#### [Task instructions]
Go through the records below and set each one down exactly, leaving out any pictures.

__________

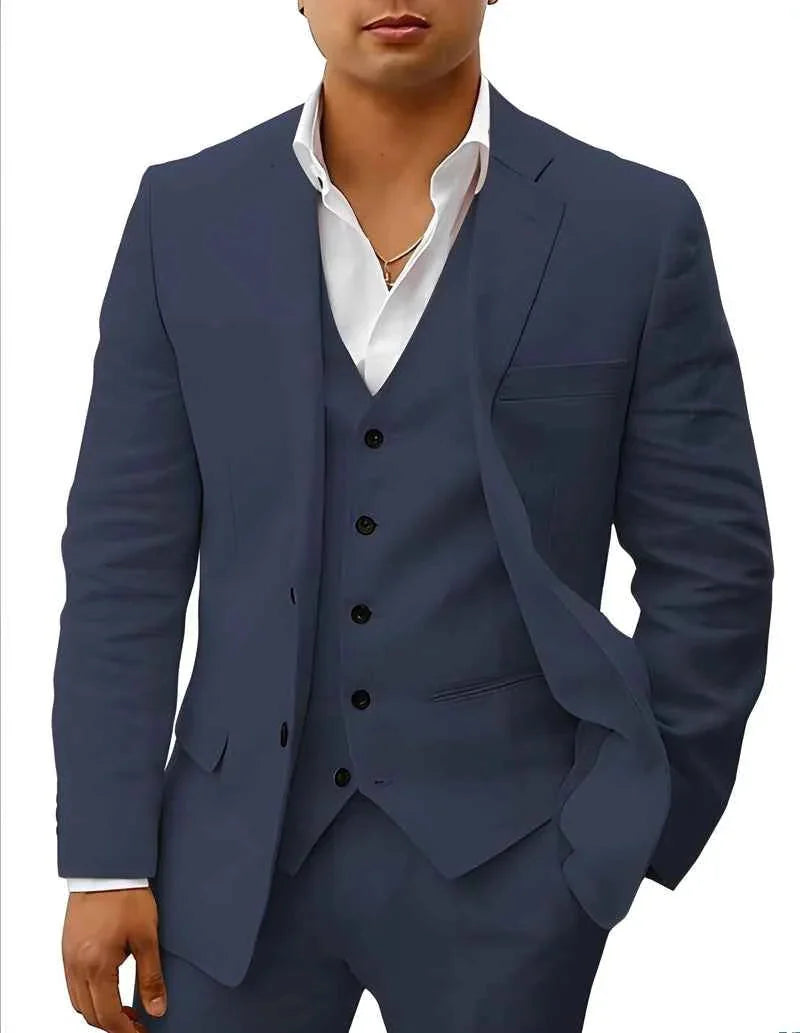Navy Blue Men's Three-Piece Linen Wedding Suit — Wyatt Formal Lapel - Formal Front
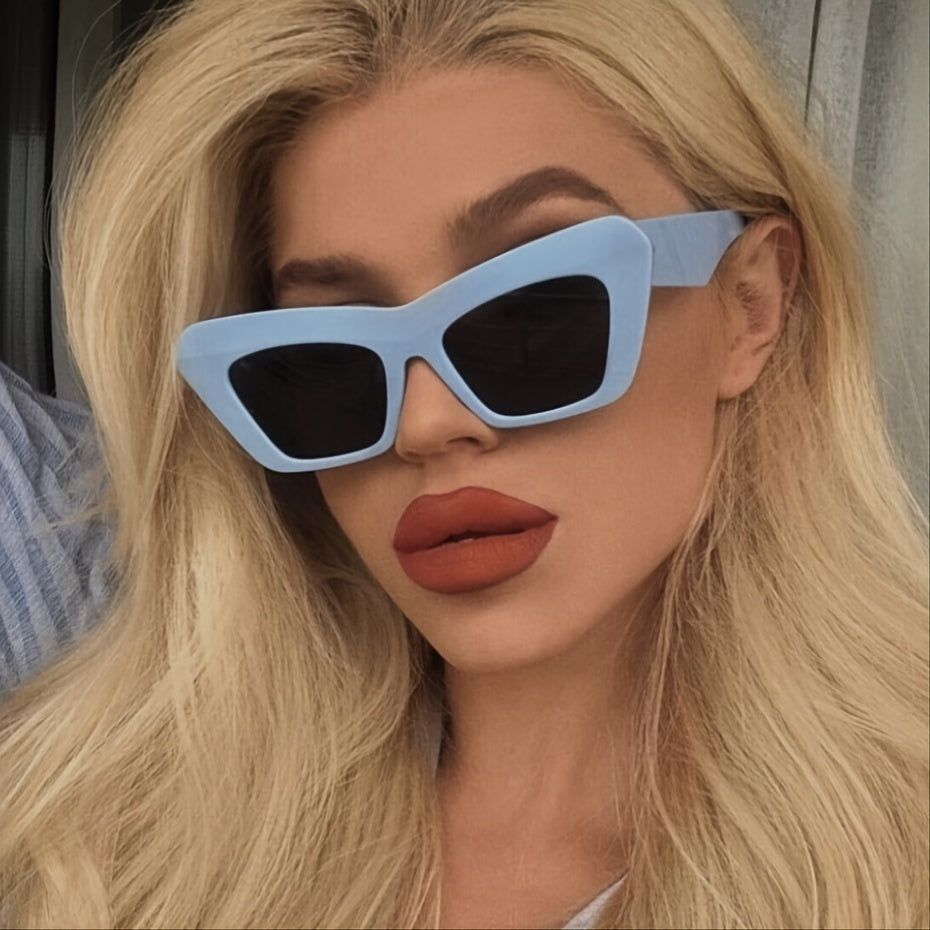 Cat Eye Wide Temple Sunglasses Triangle Glasses Hip Hop Sunglasses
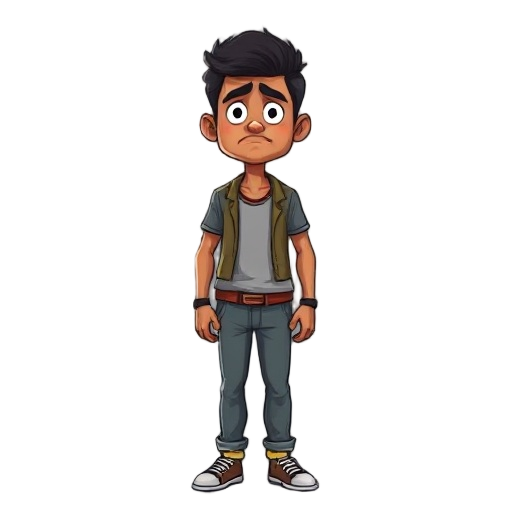 indian guy in anxiety and afraid of sth, tanned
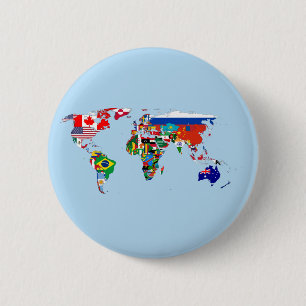 wereldkaart van vlaggen ronde button 5,7 cm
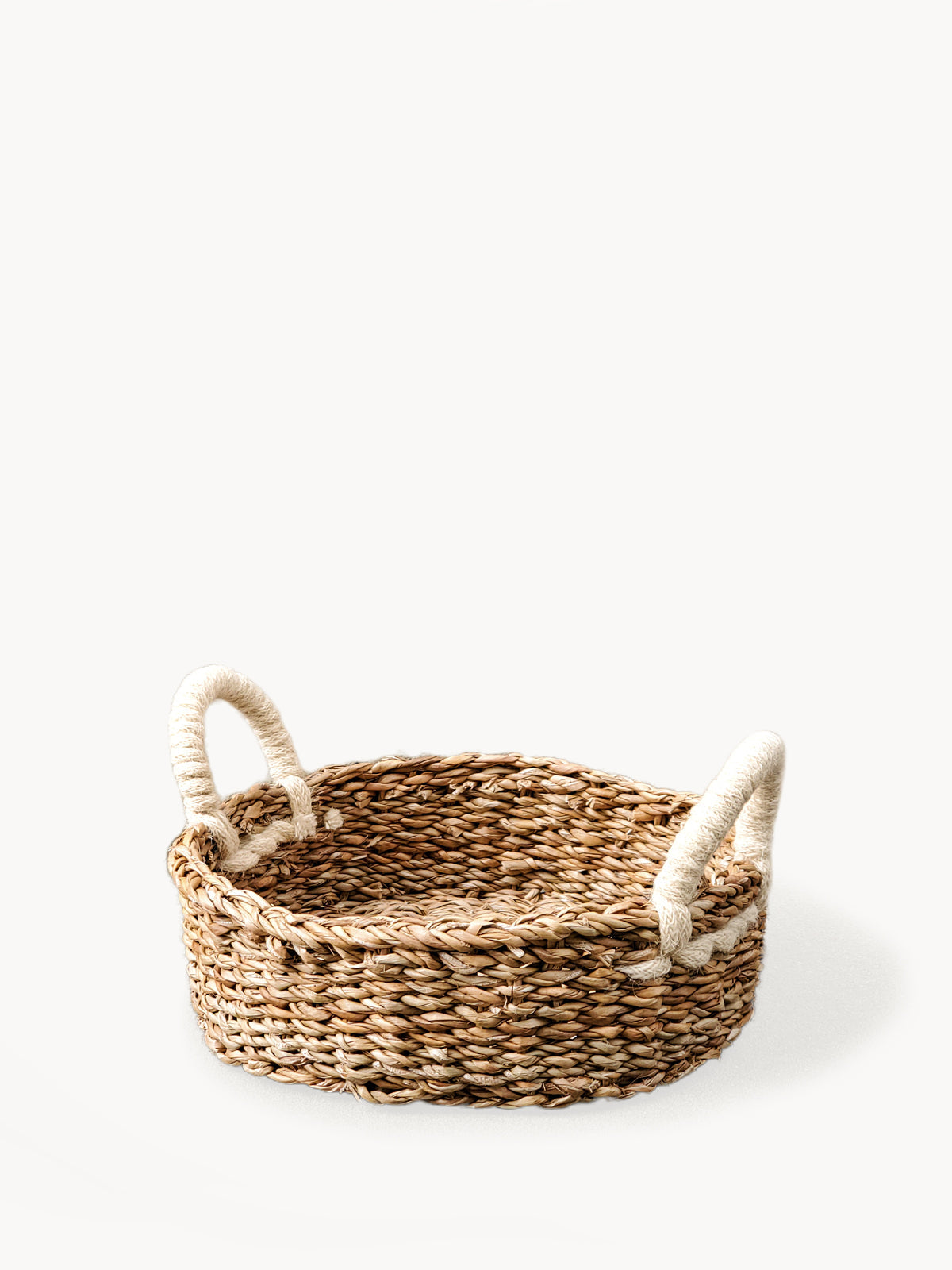 Savar Seagrass Bread Basket | Round | White Cotton Handles | KORISSA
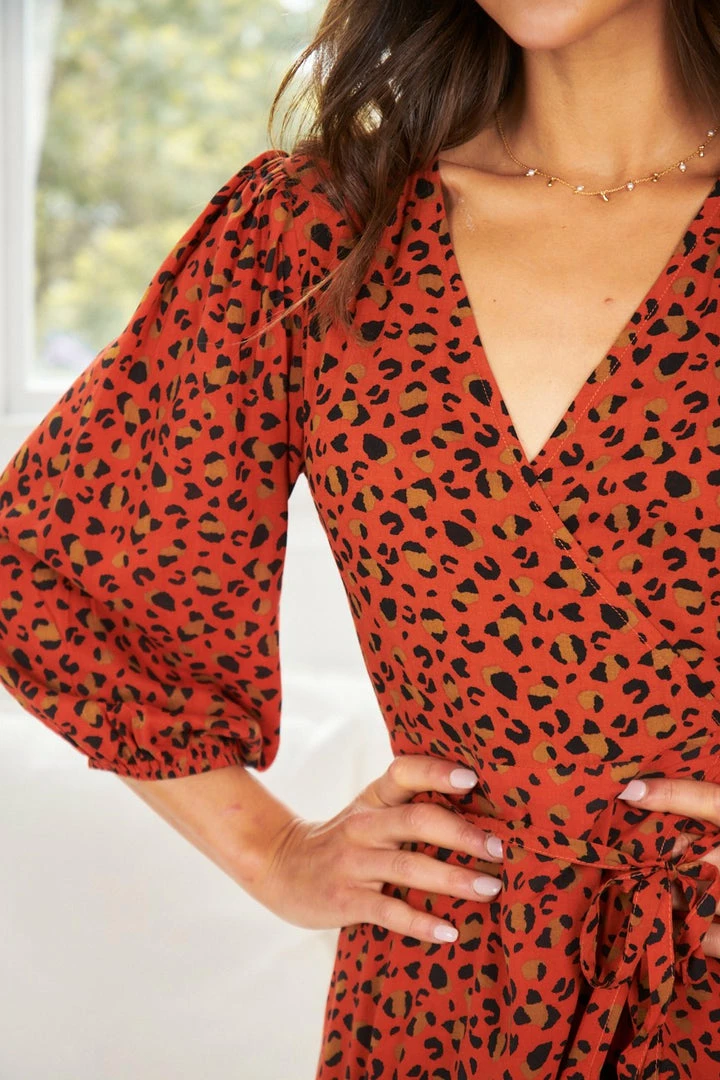 Sunny Girl Flinstone Dress - Rust Print CLOTHING 6 Sunny Girl Flinstone Dress - Rust Print CLOTHING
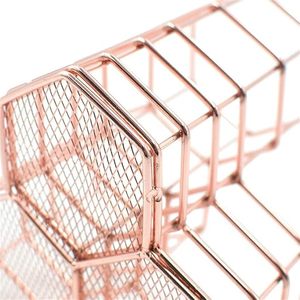 Modern Hexagonal Metal Storage <b>Baskets</b> <b>Stackable</b> Office Organizer Desk Organizer Three-Layer Stainless Steel Freestanding - Product Image 2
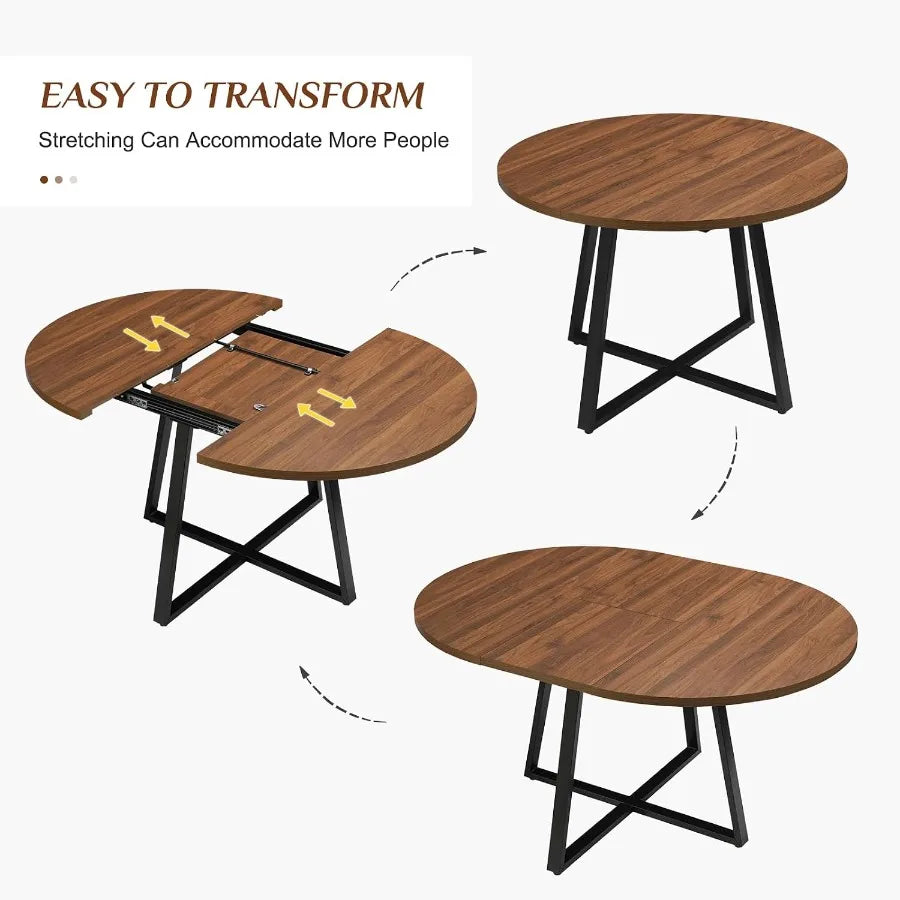 Round Dining Table — Extendable, Modern Space-Saving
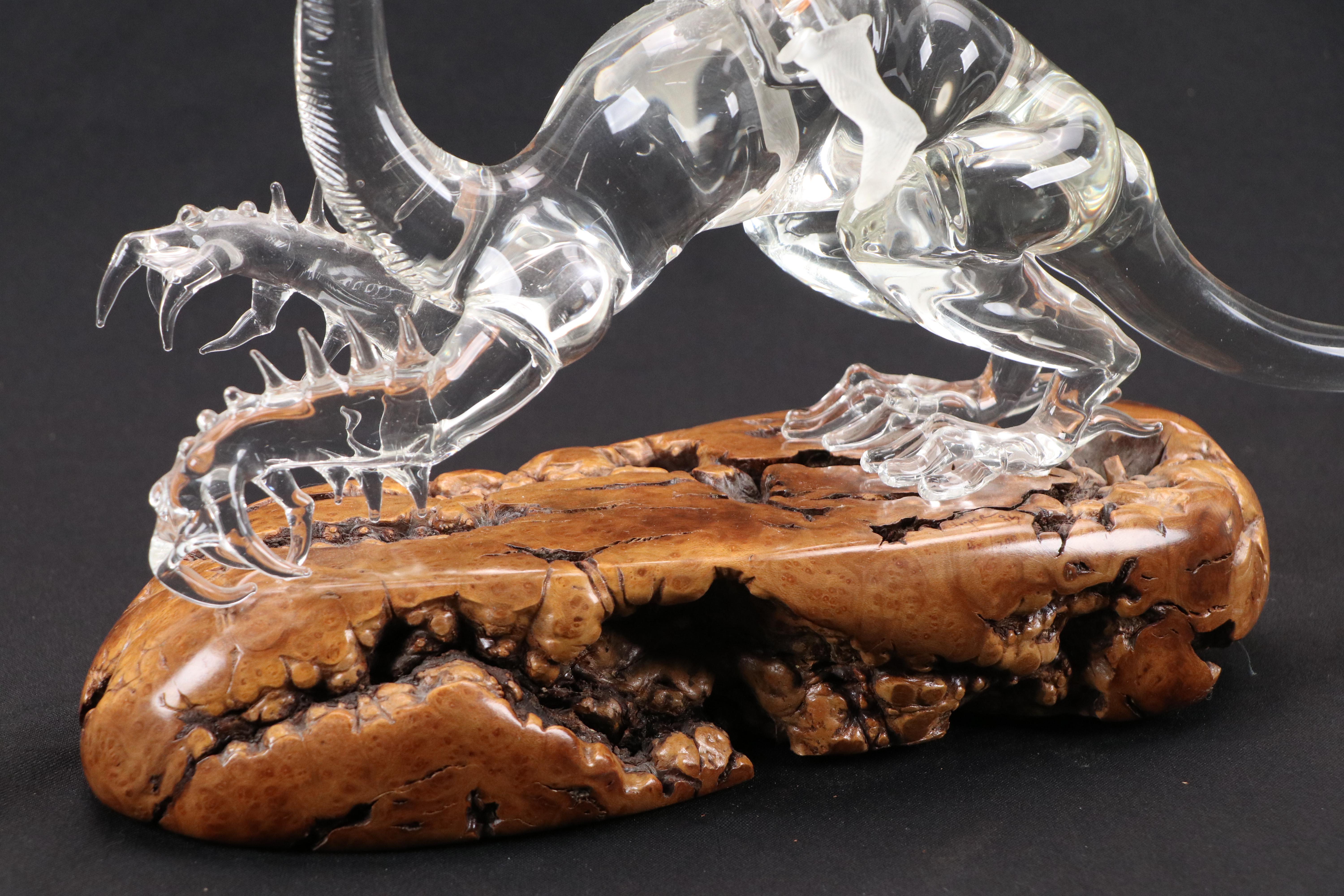 Warren Hooper Fantasy Dragon Warrior Glass Sculpture, 1985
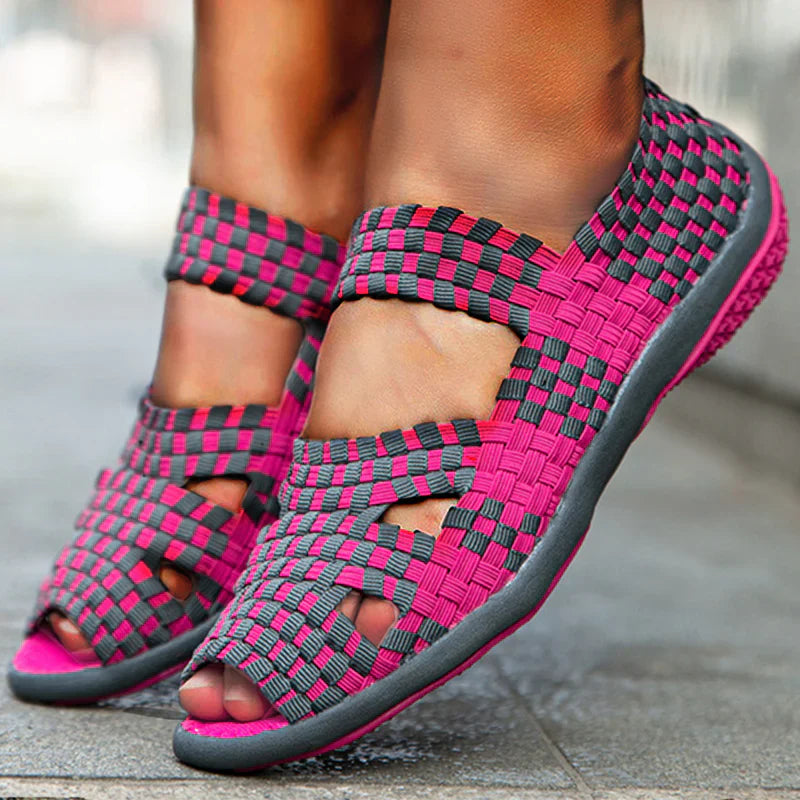 Sandales Tissées Femme Confort Élasticité Style Coloré Unique Été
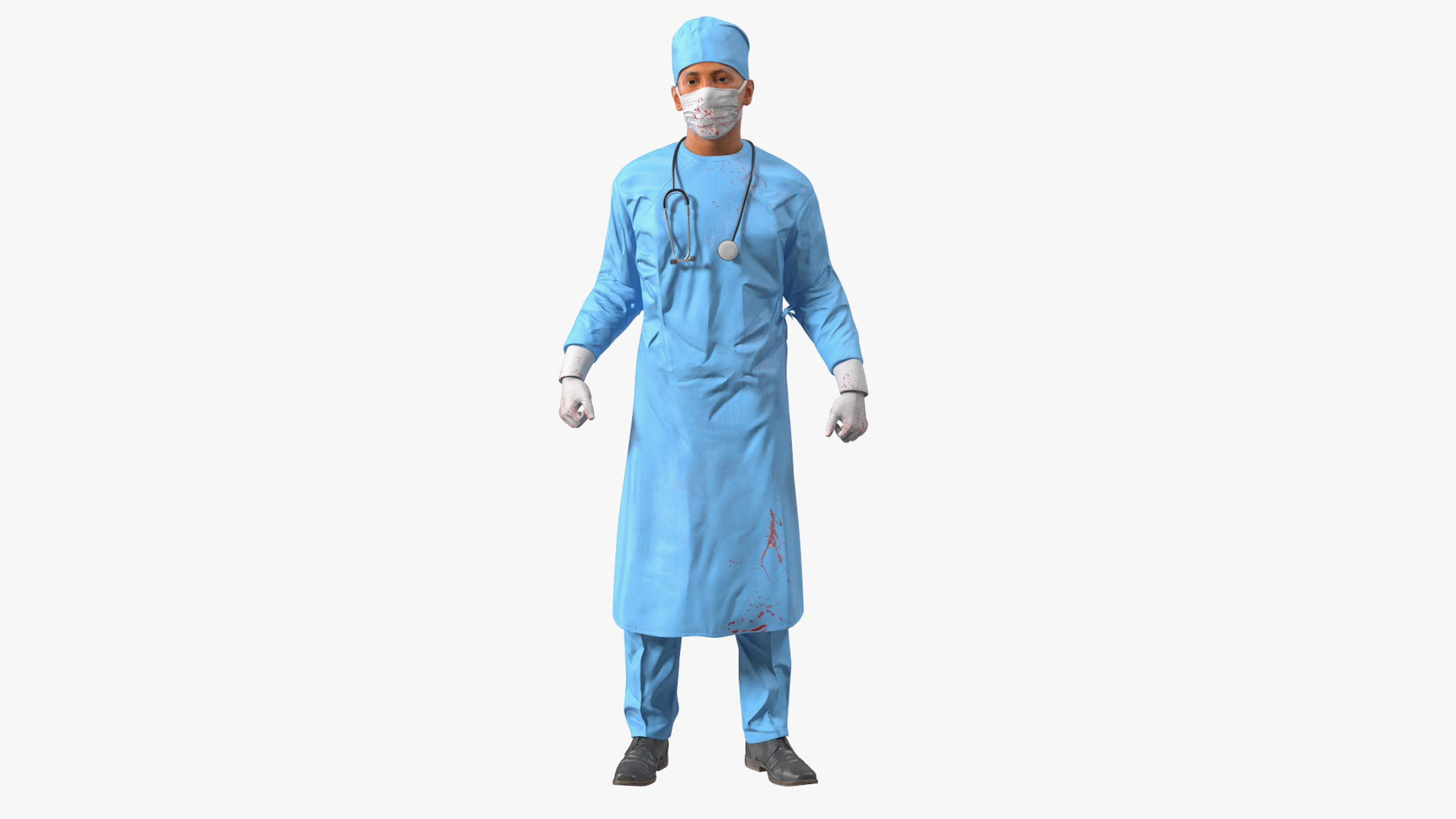 Blood Stained Surgeon Doctor in Mask Rigged for Maya 3D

__________

#### [Result for this task]
Navy Blue Men's Three-Piece Linen Wedding Suit — Wyatt Formal Lapel - Formal Front
 Cat Eye Wide Temple Sunglasses Triangle Glasses Hip Hop Sunglasses
 indian guy in anxiety and afraid of sth, tanned
 wereldkaart van vlaggen ronde button 5,7 cm
 Savar Seagrass Bread Basket | Round | White Cotton Handles | KORISSA
 Sunny Girl Flinstone Dress - Rust Print CLOTHING 6 Sunny Girl Flinstone Dress - Rust Print CLOTHING
 Modern Hexagonal Metal Storage <b>Baskets</b> <b>Stackable</b> Office Organizer Desk Organizer Three-Layer Stainless Steel Freestanding - Product Image 2
 Round Dining Table — Extendable, Modern Space-Saving
 Warren Hooper Fantasy Dragon Warrior Glass Sculpture, 1985
 Sandales Tissées Femme Confort Élasticité Style Coloré Unique Été
 Blood Stained Surgeon Doctor in Mask Rigged for Maya 3D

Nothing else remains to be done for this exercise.